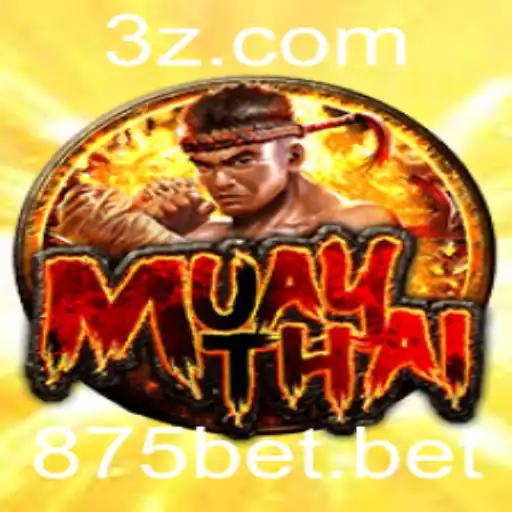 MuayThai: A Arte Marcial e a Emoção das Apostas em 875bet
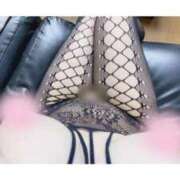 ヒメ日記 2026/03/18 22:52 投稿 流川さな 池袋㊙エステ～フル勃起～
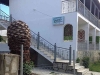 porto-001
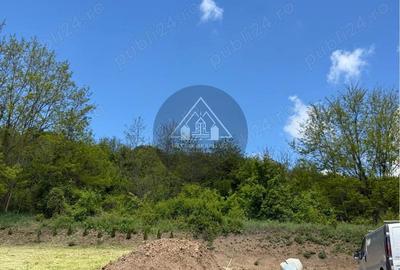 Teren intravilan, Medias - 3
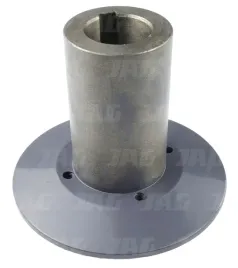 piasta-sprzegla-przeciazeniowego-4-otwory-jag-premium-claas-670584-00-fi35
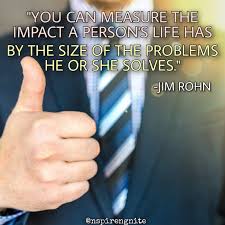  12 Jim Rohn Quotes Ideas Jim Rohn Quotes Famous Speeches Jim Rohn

EXERCISE: Your task is to copy exactly the lines from the line containing "Teren intravilan, Medias - 3" through the final line of the listing above and to omit every picture.

COMPLETED TASK:
 Teren intravilan, Medias - 3
 piasta-sprzegla-przeciazeniowego-4-otwory-jag-premium-claas-670584-00-fi35
  12 Jim Rohn Quotes Ideas Jim Rohn Quotes Famous Speeches Jim Rohn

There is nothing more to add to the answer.